- DVD cover
- Directed by: Olle Hellbom
- Written by: Astrid Lindgren (novel) Olle Hellbom (screenplay)
- Produced by: Olle Nordemar
- Starring: Inger Nilsson Maria Persson Pär Sundberg
- Edited by: Jan Persson
- Music by: Georg Riedel Jan Johansson
- Production companies: Nord Art AB Beta Film Iduna Film Produktiongesellschaft
- Distributed by: Svensk Filmindustri (Sweden); Jugendfilm (West Germany);
- Release date: 24 January 1970 (Sweden);
- Running time: 86 minutes
- Countries: Sweden West Germany
- Language: Swedish

= Pippi in the South Seas (film) =

Pippi in the South Seas (original Swedish title: Pippi Långstrump på de sju haven) is a 1970 Swedish/West German film, loosely based on the eponymous children's book by Astrid Lindgren and sequel of the 1969 TV series Pippi Longstocking. The movie was followed by Pippi on the Run, released later in the same year. It was released in the US in 1974.

==Synopsis==
The Settergens leave their children Annika and Tommy at Pippi's house for three weeks. During a trip to the lake, the children find a message in a bottle from Pippi's father, Captain Longstocking, who is calling for help because he is trapped by the pirate Blut-Svente and his crew in a tower on the island of Port Piluse. Pippi and her friends decide to set off using a "Myskodil" invented by the main character, a bed transformed into a hot air balloon. However, the Myskodil runs out of air along the way, so the bed remains on top of a mountain while the balloon floats away. The children continue on foot to a rubbish dump. There, with some crates, a propeller and an old bicycle, they build a strange pedal plane that is steered with a rudder, with which they head towards Port Piluse. During the journey the wreck breaks and risks falling into an erupting volcano, but it crashes onto an uninhabited island where the kids camp for a day.

The next morning a ship passes by the island. Pippi decides to spy on the crew and discovers that they want to steal her father's treasure. With an excuse she manages to get the pirates off the ship and takes command, making her friends get on board as well. They finally reach Port Piluse, where the Blut-Svente pirates are holding Captain Longstocking prisoner, trying to make him reveal where his treasure is. He always refuses to talk, saying that his daughter Pippi will come and save him.
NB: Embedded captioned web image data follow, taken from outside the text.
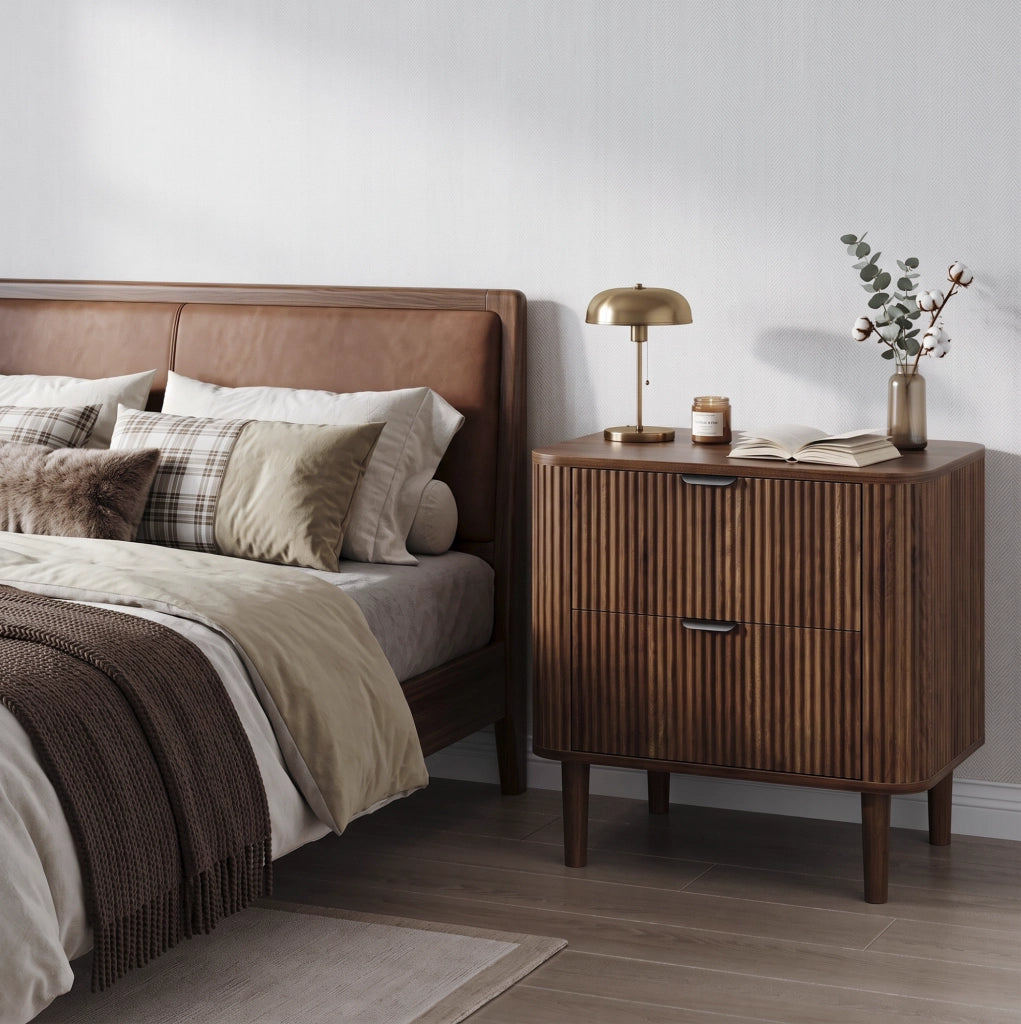Comodino in MDF effetto noce con 2 cassetti e frontali scanalati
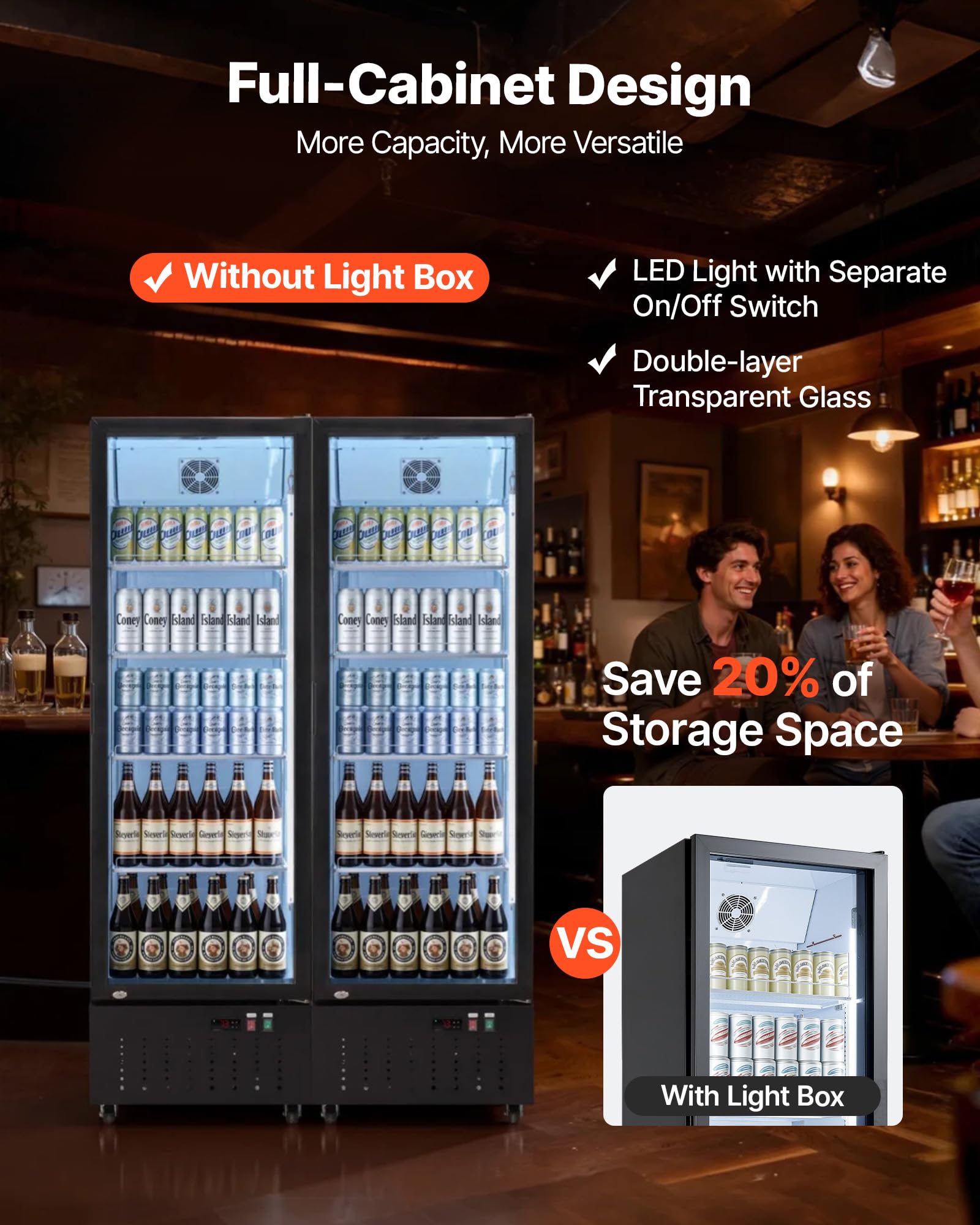 VEVOR Commercial Merchandiser Refrigerator, 6.9 Cu.Ft / 195L Glass Door Display Refrigerator, Upright Beverage Cooler Fridge with 4 Adjustable Shelves, Soft LED Light & Casters for Homes Shops Bars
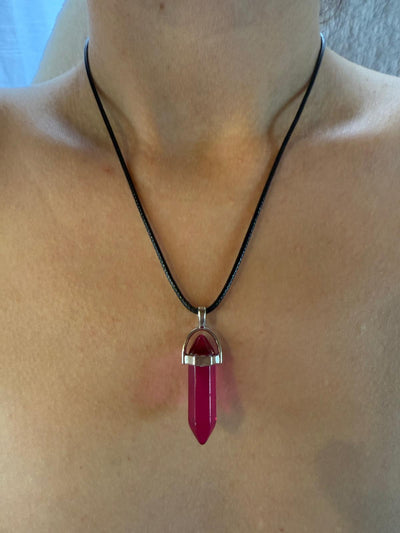 Collier tourmaline rose - pierre amour compassion chakra cœur lithothérapie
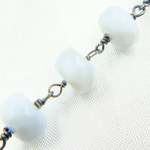 Load image into Gallery viewer, Blue Opal Rondel Oxidized Wire Chain
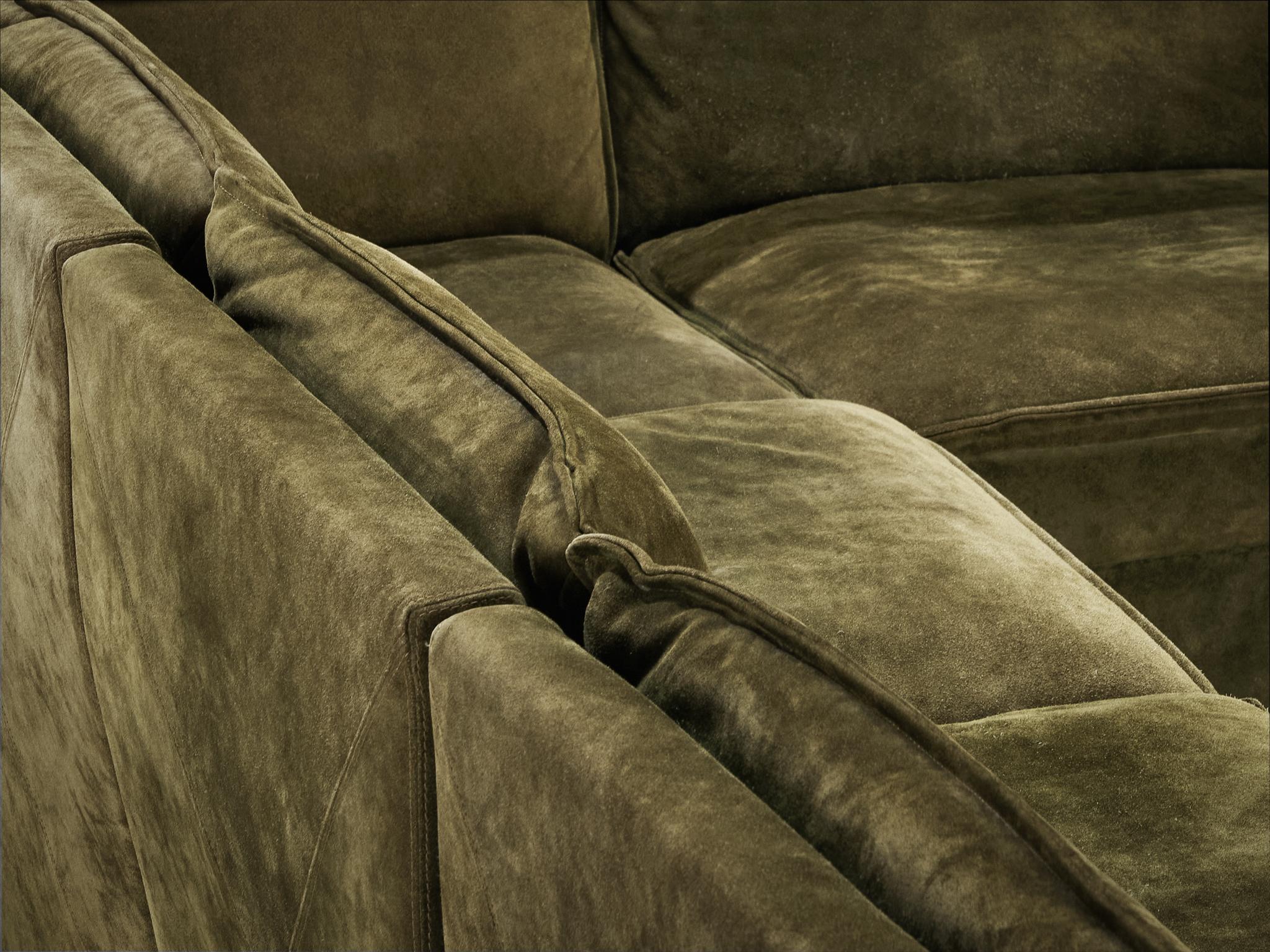 Post-Modern Modular Sofa in Natural Green Suede For Sale 4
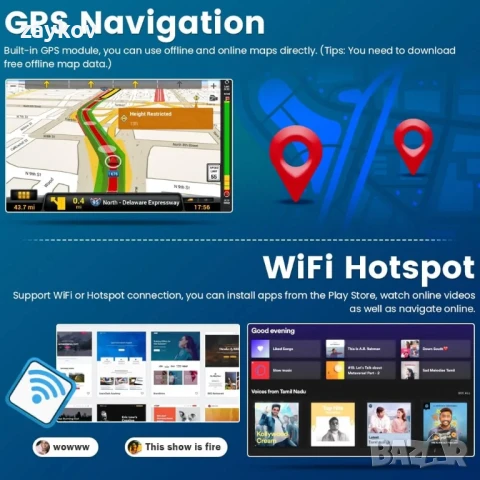 Hikity 2G + 64G Android 13 Автомобилно радио с безжичен Carplay, снимка 7 - Радиокасетофони, транзистори - 50657180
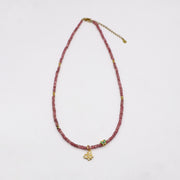 Simple Style Pink Tourmaline Necklace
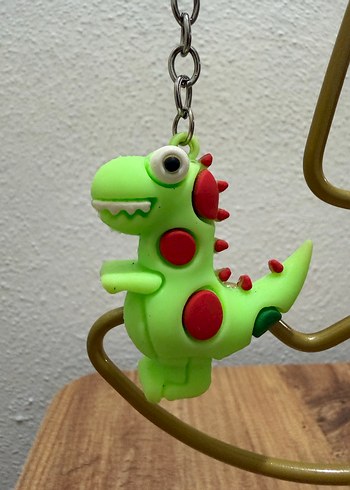 Renkli Dinozor Zincir Detaylı Anahtarlık - Görsel 2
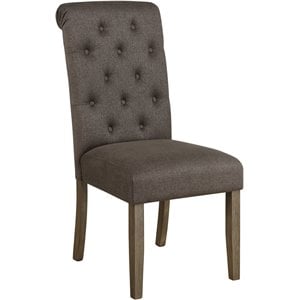 coaster calandra tufted back side chair rustic in brown and grey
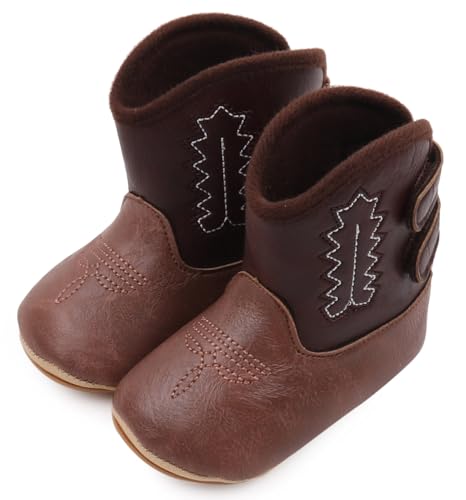 Happy Cherry Baby PU Leder Cowboystiefel Jungen Mädchen Weiche Sohle Stiefel Barfußschuhe Kleinkind Klettverschluss Krabbelschuhe 12-18 Monate von Happy Cherry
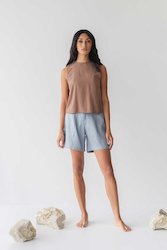 High-waist Linen Shorts with Origami Belt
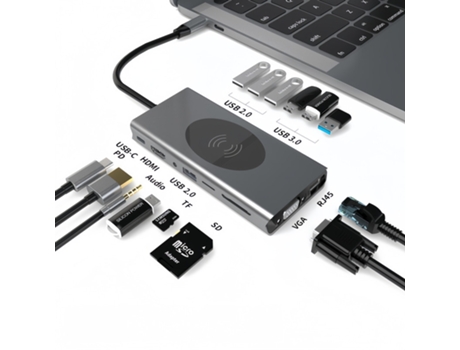 Hub USB C 15 em 1 com carregamento sem fio de 15 W, estação V Reel Ultimate QT51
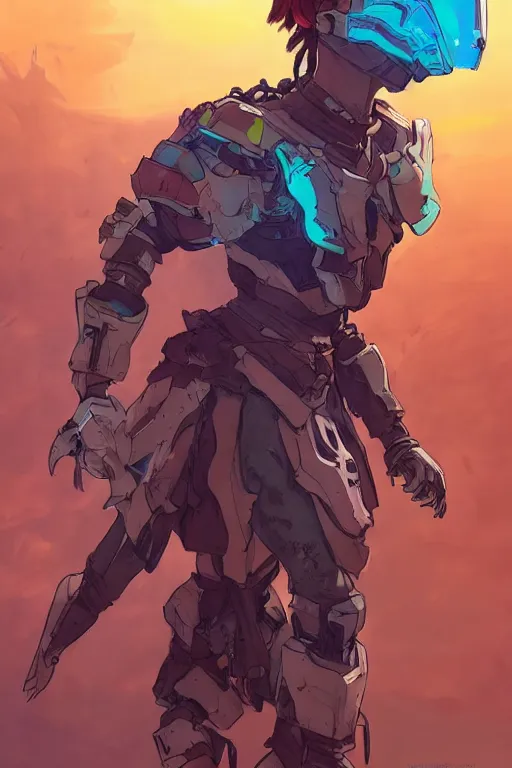 Image similar to combination suit armor aloy horizon forbidden west horizon zero dawn robot ninja mask helmet backpack tribal, art gta 5 comics, official fanart behance hd artstation by jesper ejsing, by rhads, makoto shinkai and lois van baarle, ilya kuvshinov, ossdraws radiating a glowing aura cgi rtx 2 0 2 2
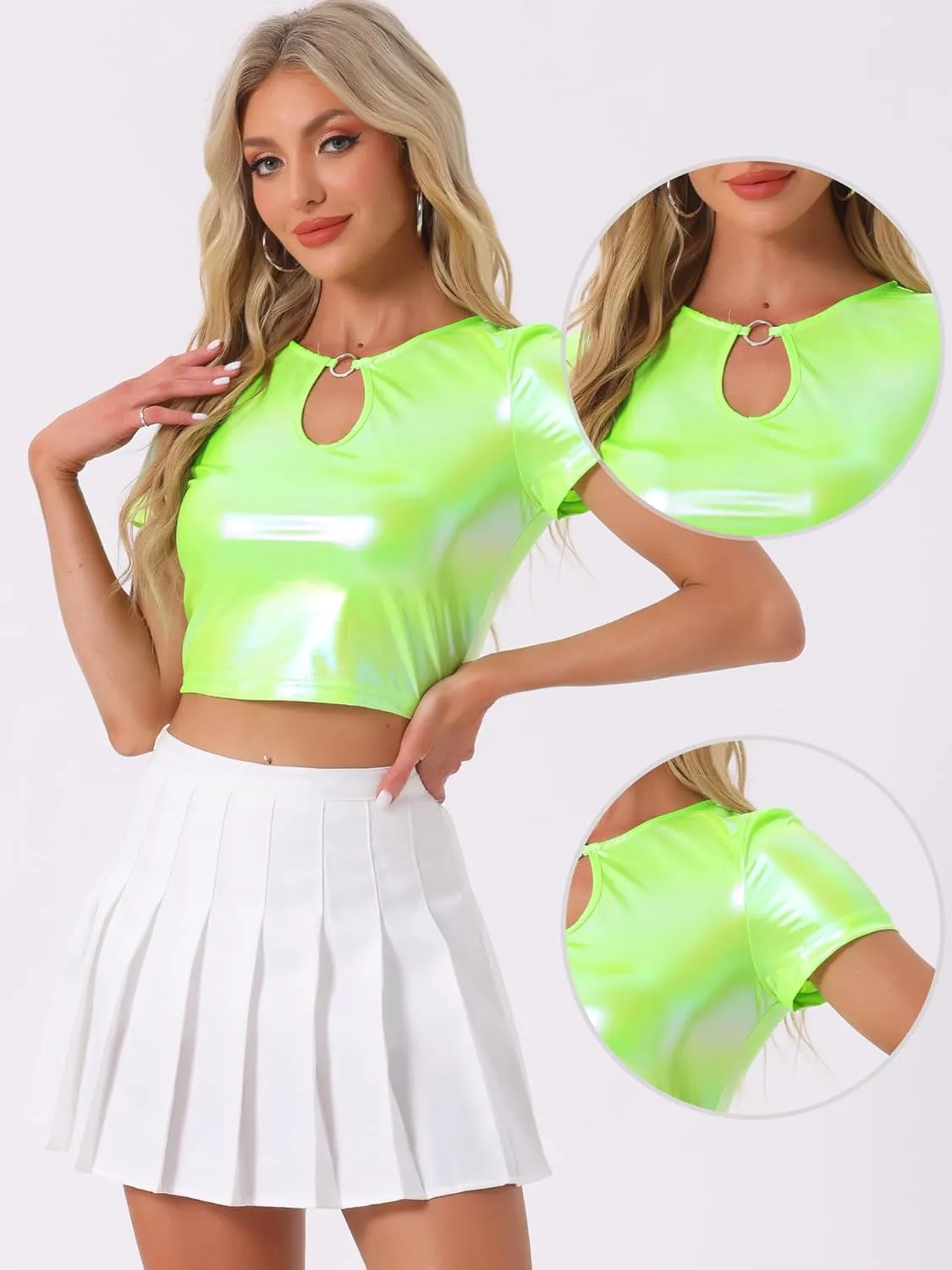 Allegra K Metallic Crop Tops for Women's Keyhole Short Sleeve Halloween Party Shiny Holographic Top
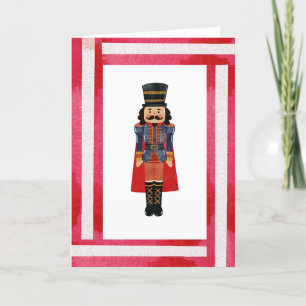 Nutcracker Red Bow Stripes Festive Christmas  Holiday Card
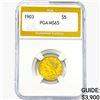 1903 $5 Gold Half Eagle PGA MS65
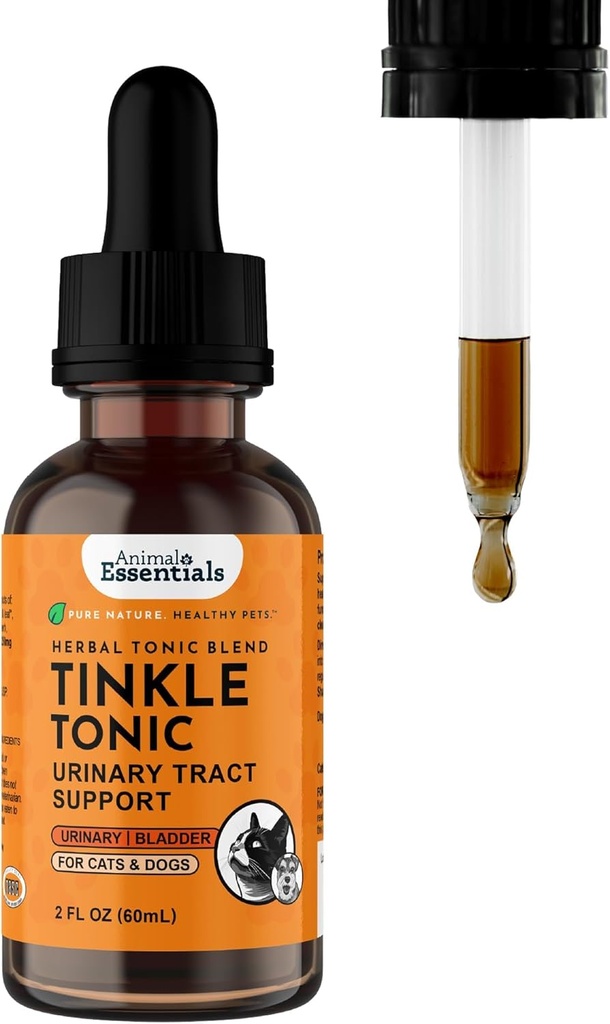 Živalski esenciali Tinkle Tonic - pes & mačka sečni trakt Podpora, Ledvice dopolnilo, Podpira sečni trakt, Bladder Zdravje za hišne živali, z Marshmallow - 2 fl oz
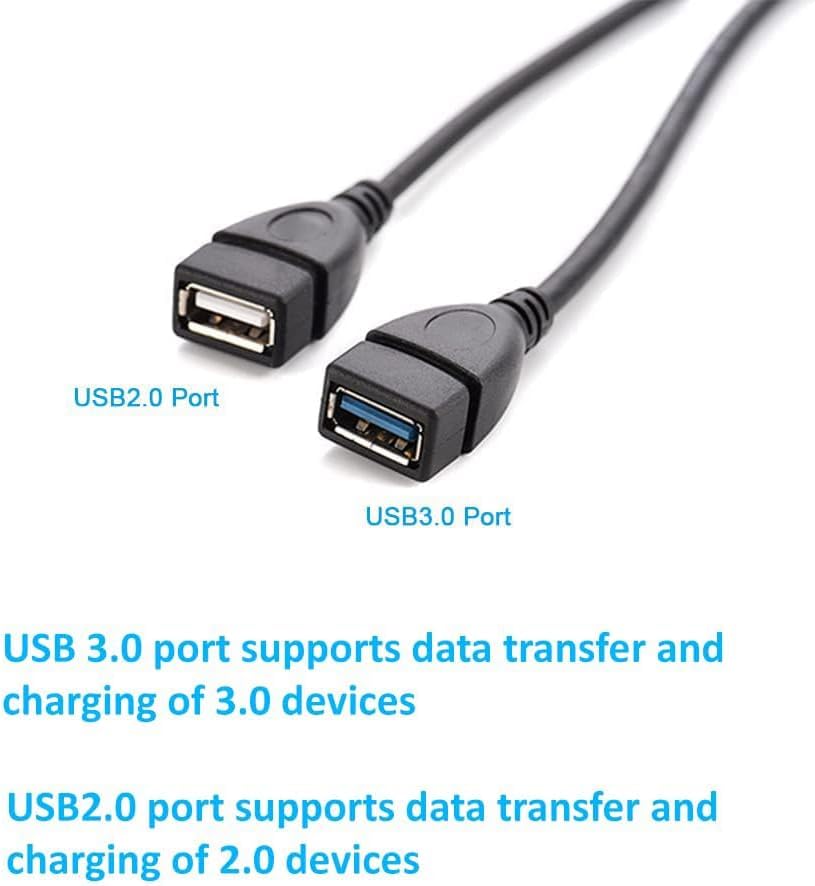 Eanetf USB 3.0 Female to Dual USB Male Splitter Cable, 2 Pack | USB 3.0 female + USB 2.0 female splitter, 2 pack, 1ft cable, For U-disk/hard drive/network card, USB 3.0 only for 3.0 devices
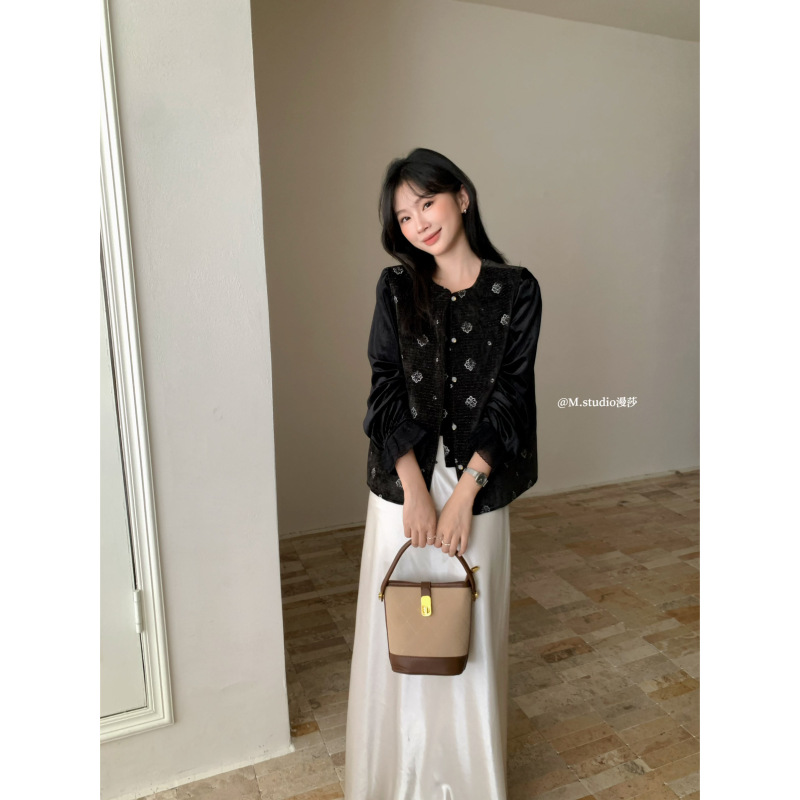 MSTUDIO漫莎-半盏山茶新中式国风撞色刺绣微闪丝绒马甲马甲c6137|undefined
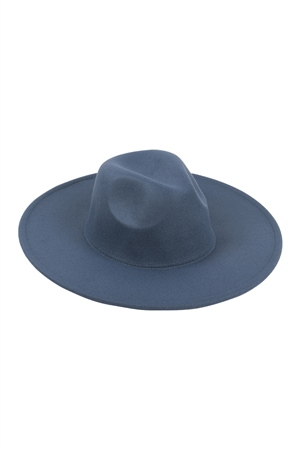 Blk-15-1-HDT4024NV - FELT FEDORA FASHION BRIM HAT-NAVY/6PCS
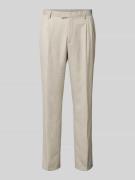 MCNEAL Regular Fit Bundfaltenhose mit Leinen-Anteil in Beige, Größe 27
The pirates, however, do not believe him, thinking that a little girl cannot be strong enough to defeat them.

Meanwhile, Pippi is forced to fight to free her father. She also finds herself forced to hide Tommy and Annika; so she asks for help from Marko, a foreign boy who works at Port Piluse's tavern, offering him some gold coins. Soon the girl begins to be feared by the pirates themselves, who have understood that Pippi is really strong and very determined.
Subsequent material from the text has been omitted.